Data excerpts
'''
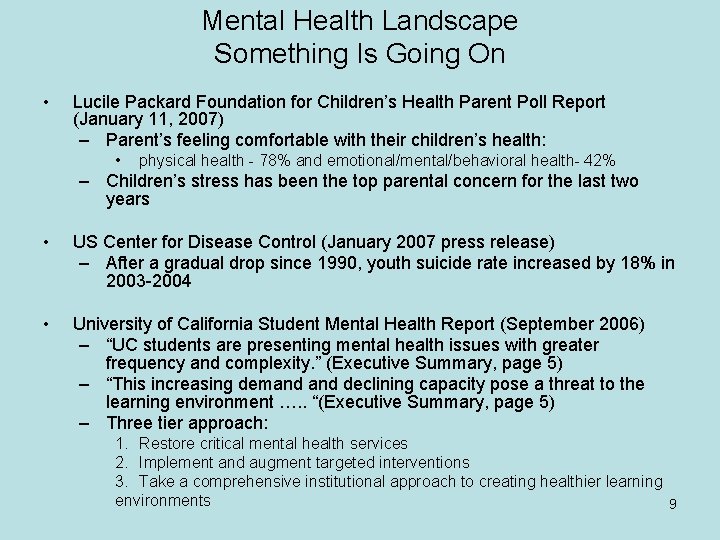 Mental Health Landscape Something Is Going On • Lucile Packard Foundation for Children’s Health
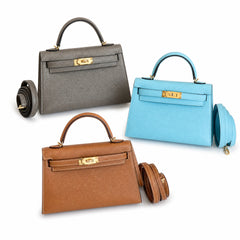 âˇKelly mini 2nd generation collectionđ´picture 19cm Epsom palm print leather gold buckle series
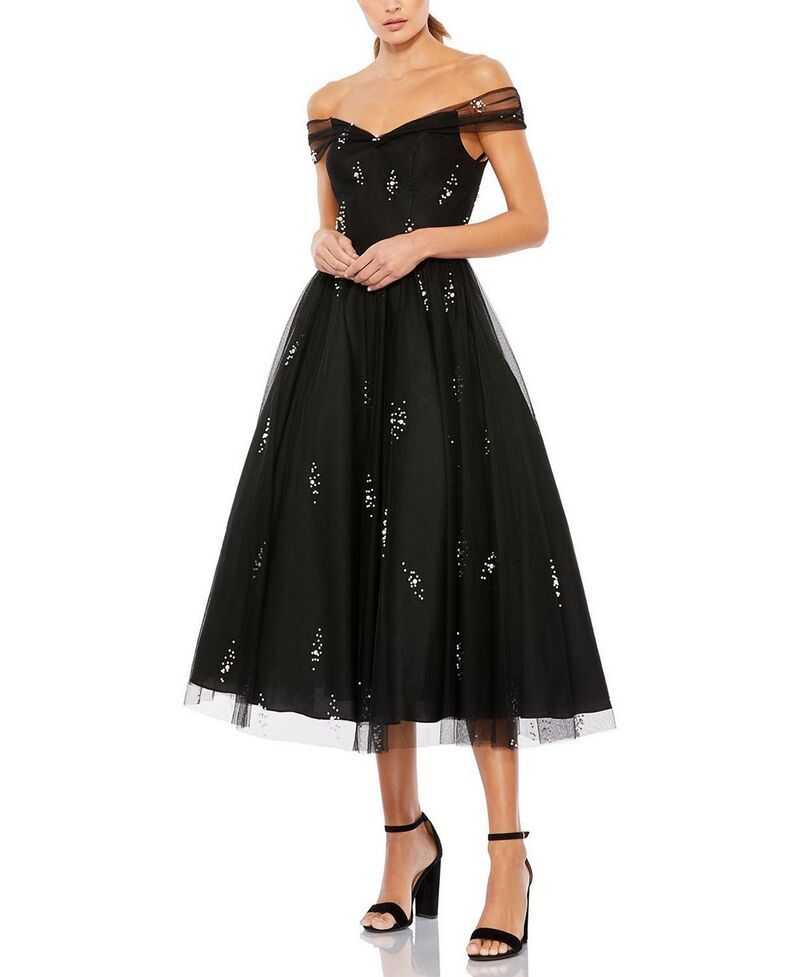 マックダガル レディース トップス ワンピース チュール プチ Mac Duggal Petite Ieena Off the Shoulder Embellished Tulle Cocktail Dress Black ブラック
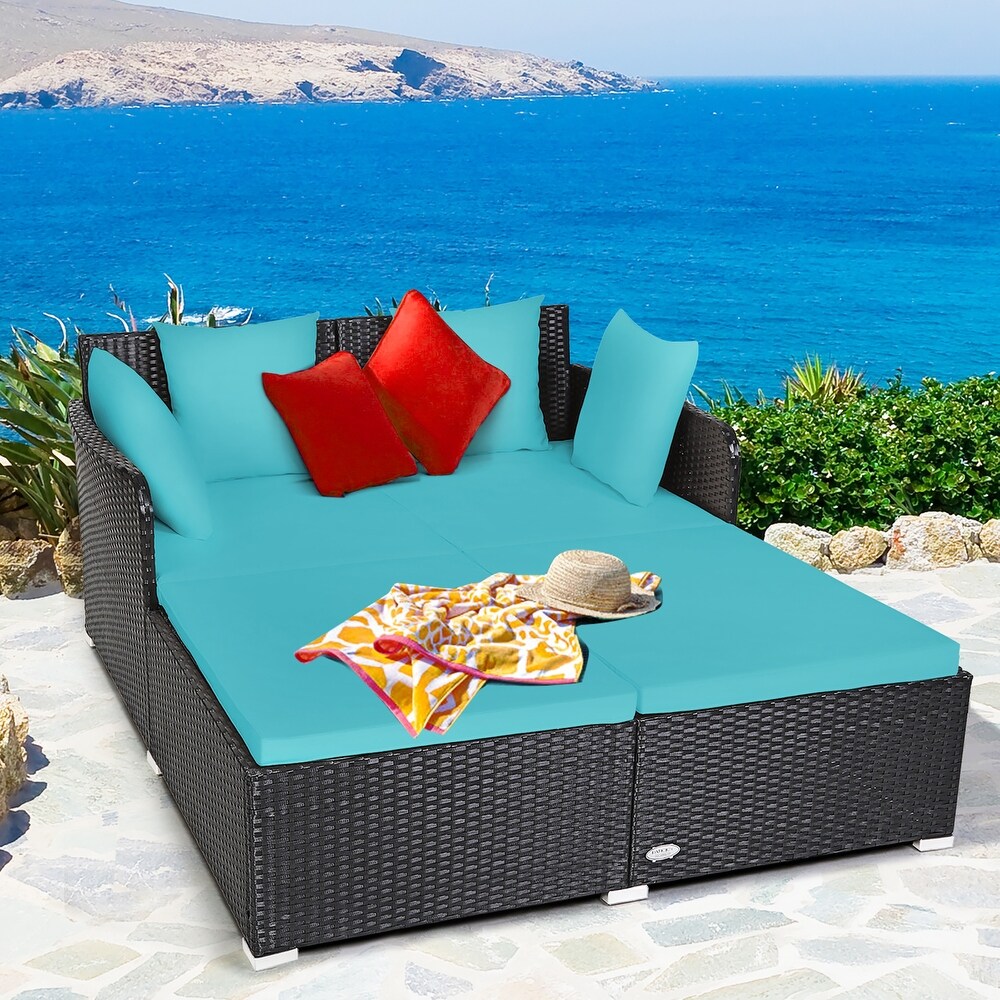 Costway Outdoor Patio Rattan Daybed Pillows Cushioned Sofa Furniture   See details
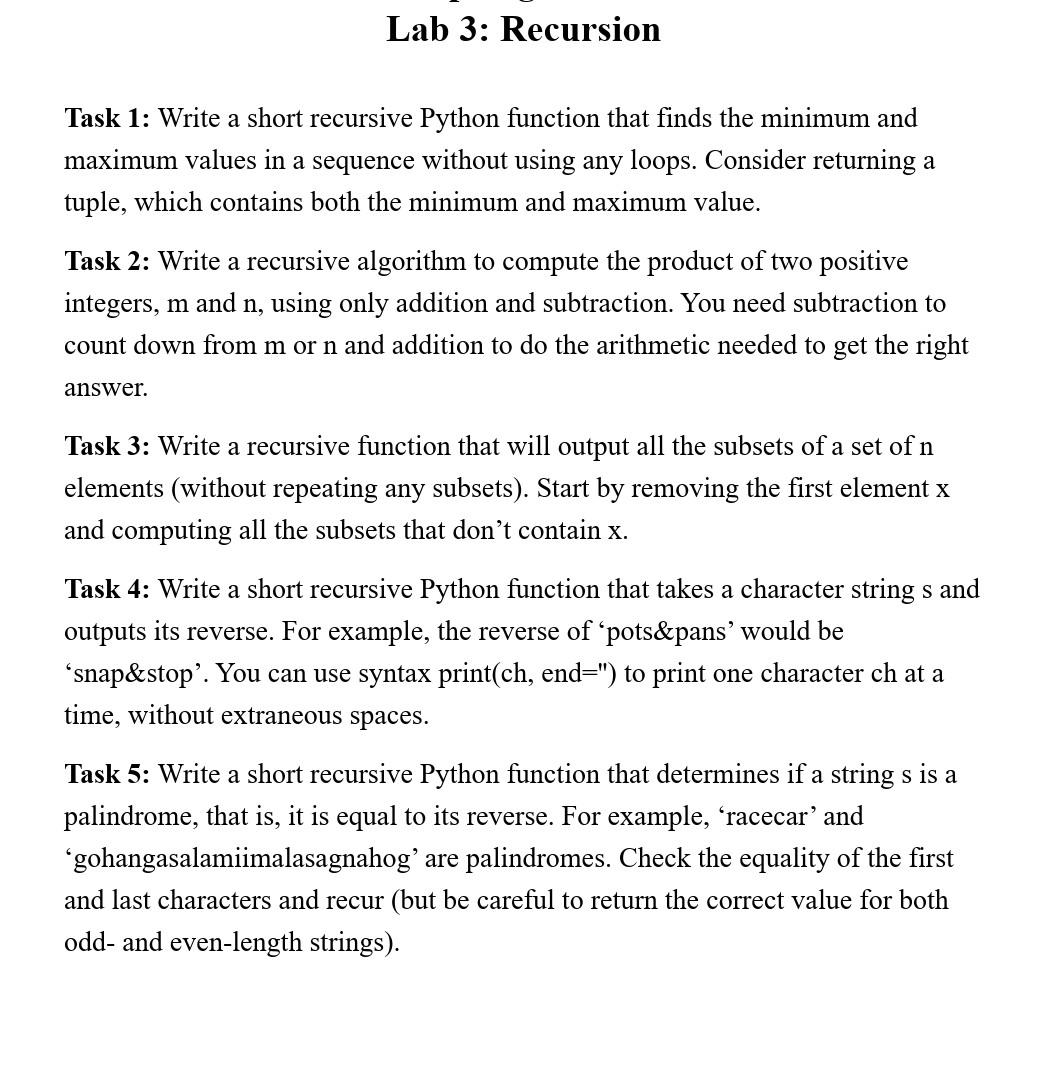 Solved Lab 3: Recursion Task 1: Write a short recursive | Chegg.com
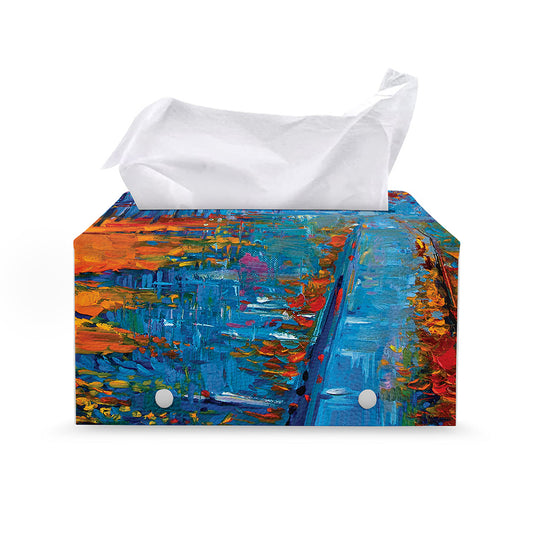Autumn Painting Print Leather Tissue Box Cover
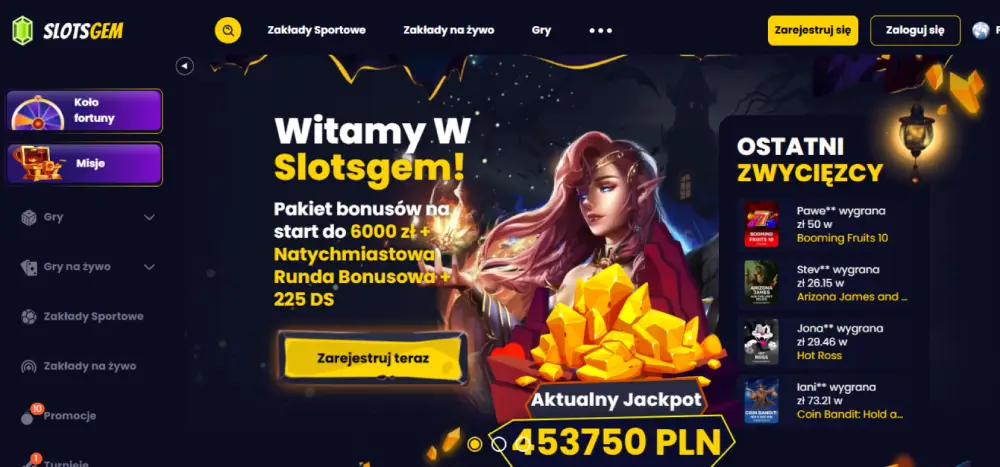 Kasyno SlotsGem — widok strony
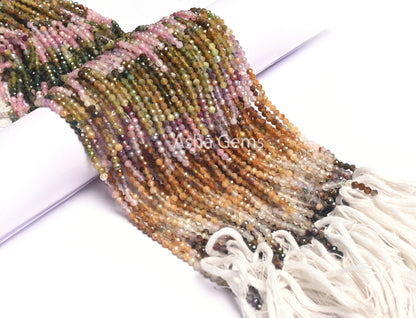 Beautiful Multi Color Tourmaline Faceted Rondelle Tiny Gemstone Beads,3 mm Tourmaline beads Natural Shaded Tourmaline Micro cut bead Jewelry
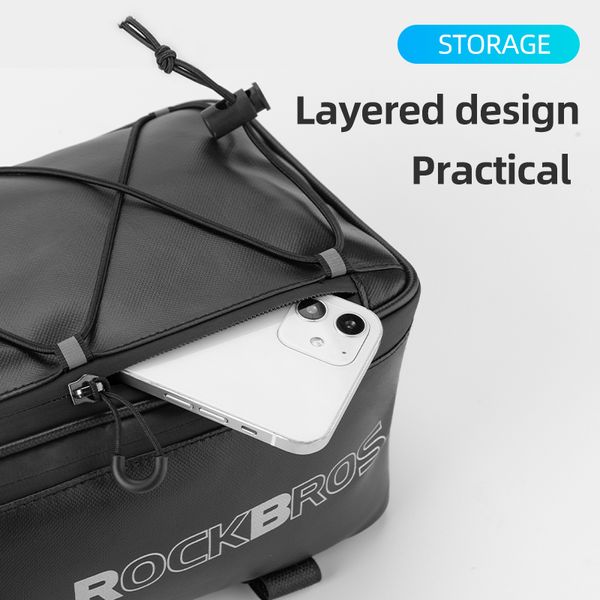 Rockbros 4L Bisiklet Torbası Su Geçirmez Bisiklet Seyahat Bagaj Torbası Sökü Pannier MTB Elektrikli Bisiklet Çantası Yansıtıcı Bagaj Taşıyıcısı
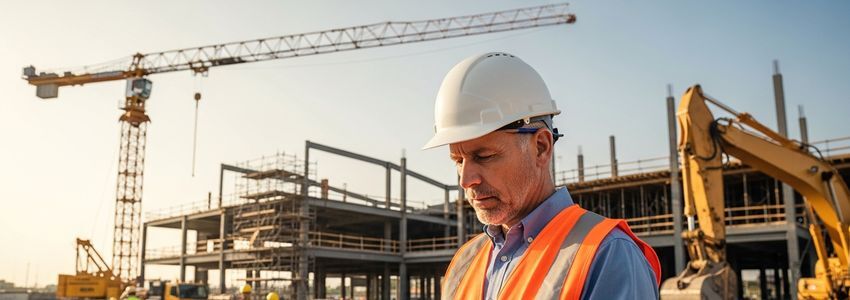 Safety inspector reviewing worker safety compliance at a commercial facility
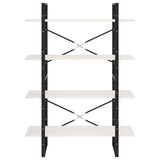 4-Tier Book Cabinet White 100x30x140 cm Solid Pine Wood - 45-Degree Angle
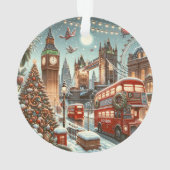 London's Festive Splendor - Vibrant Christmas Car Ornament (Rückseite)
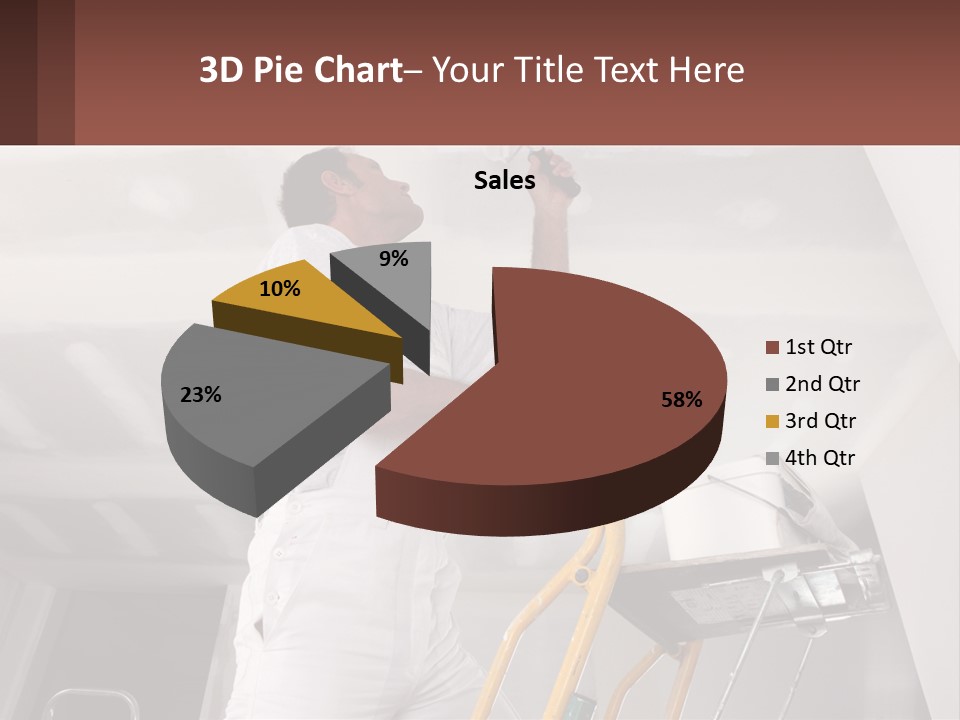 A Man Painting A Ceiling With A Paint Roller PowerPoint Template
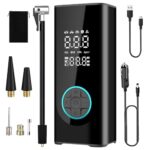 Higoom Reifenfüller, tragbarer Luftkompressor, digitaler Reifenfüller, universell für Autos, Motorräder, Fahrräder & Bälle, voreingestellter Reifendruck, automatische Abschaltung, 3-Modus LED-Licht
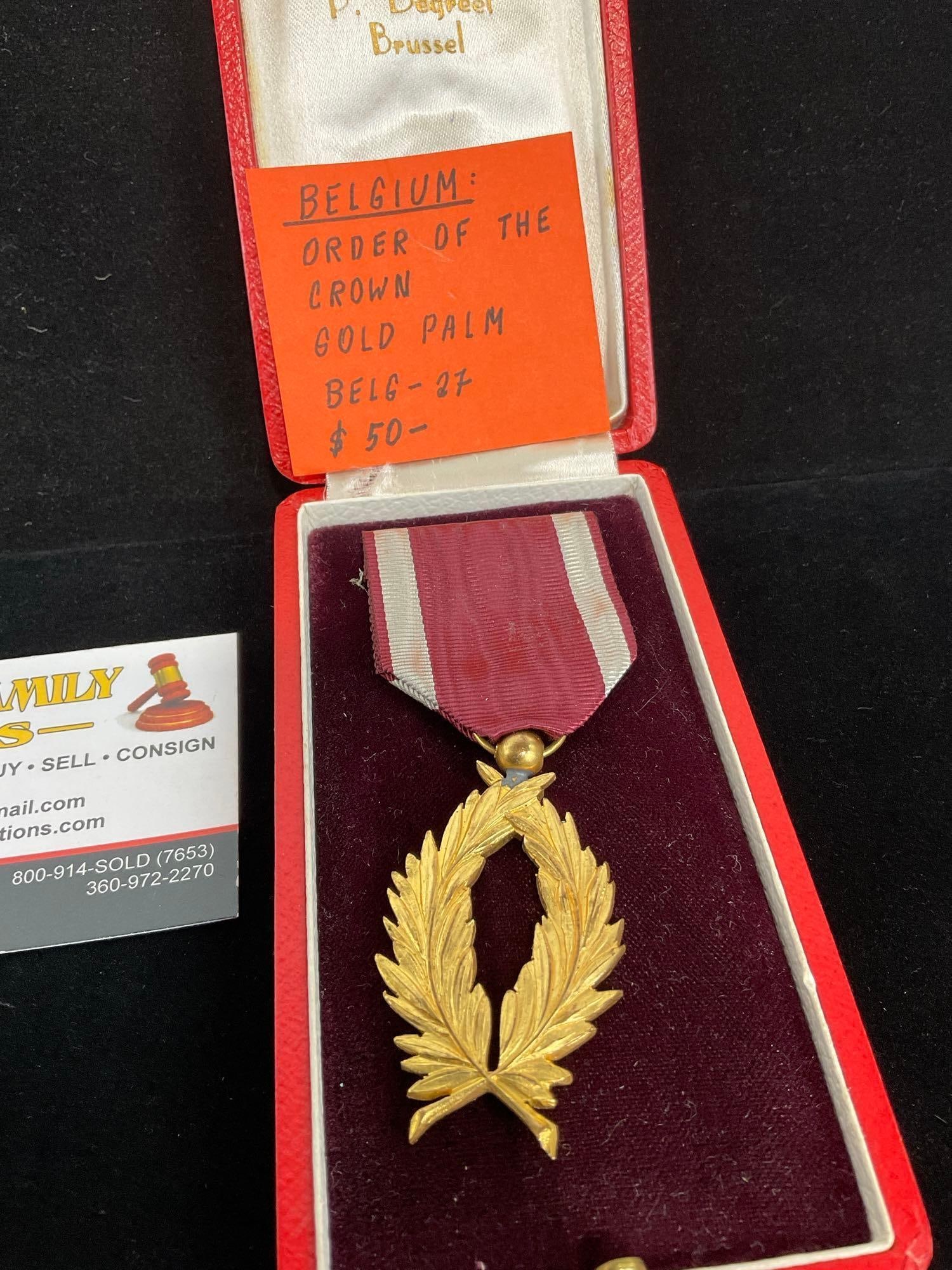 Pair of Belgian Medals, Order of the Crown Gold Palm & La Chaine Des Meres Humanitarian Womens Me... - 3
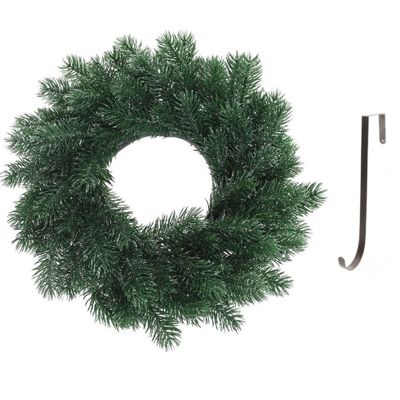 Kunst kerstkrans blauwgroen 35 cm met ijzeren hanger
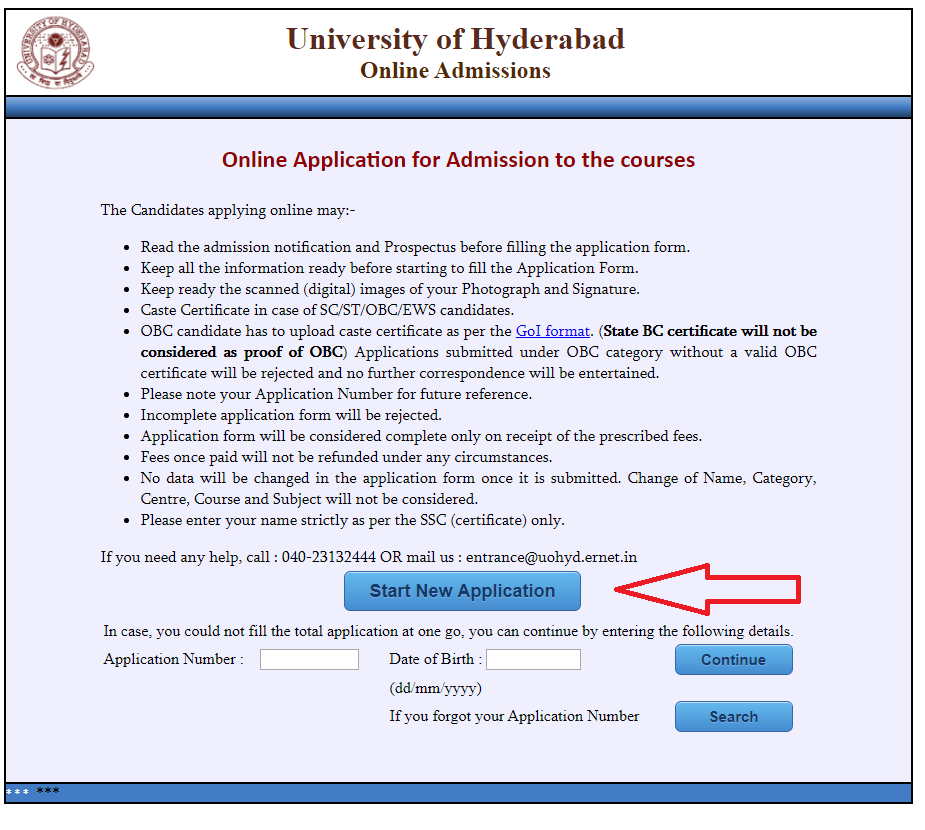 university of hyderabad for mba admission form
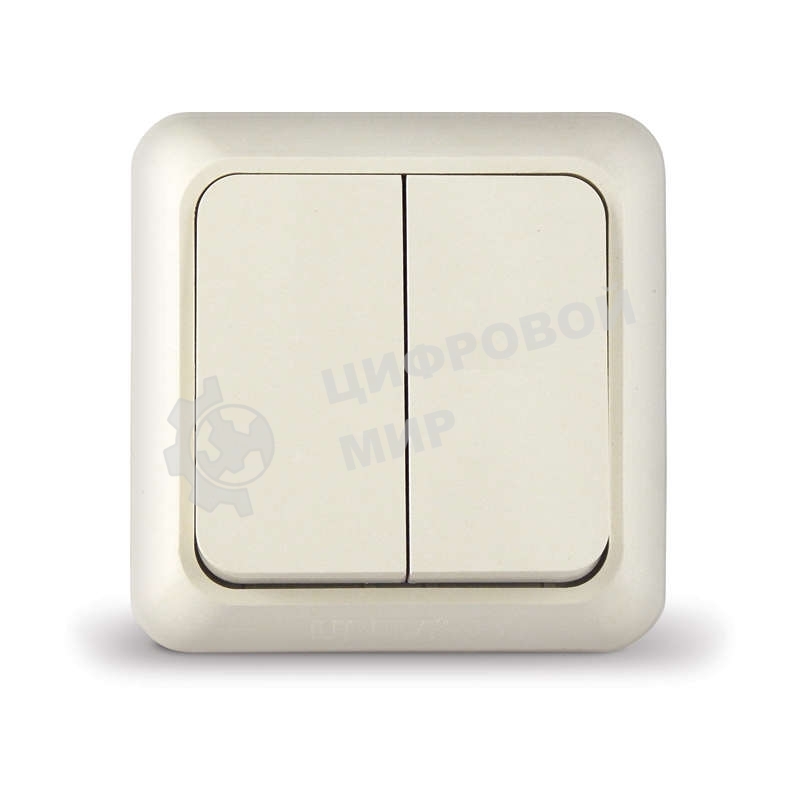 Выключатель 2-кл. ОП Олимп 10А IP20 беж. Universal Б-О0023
'''
**Task objective**
Starting at the line above that has "Kasyno SlotsGem — widok strony" and ending at the line that has "A Man Painting", copy each line exactly, leaving the pictures out and adding nothing.

**Final answer**
 Kasyno SlotsGem — widok strony
 Beautiful Multi Color Tourmaline Faceted Rondelle Tiny Gemstone Beads,3 mm Tourmaline beads Natural Shaded Tourmaline Micro cut bead Jewelry
 Rockbros 4L Bisiklet Torbası Su Geçirmez Bisiklet Seyahat Bagaj Torbası Sökü Pannier MTB Elektrikli Bisiklet Çantası Yansıtıcı Bagaj Taşıyıcısı
 Safety inspector reviewing worker safety compliance at a commercial facility
 4-Tier Book Cabinet White 100x30x140 cm Solid Pine Wood - 45-Degree Angle
 London's Festive Splendor - Vibrant Christmas Car Ornament (Rückseite)
 A Man Painting A Ceiling With A Paint Roller PowerPoint Template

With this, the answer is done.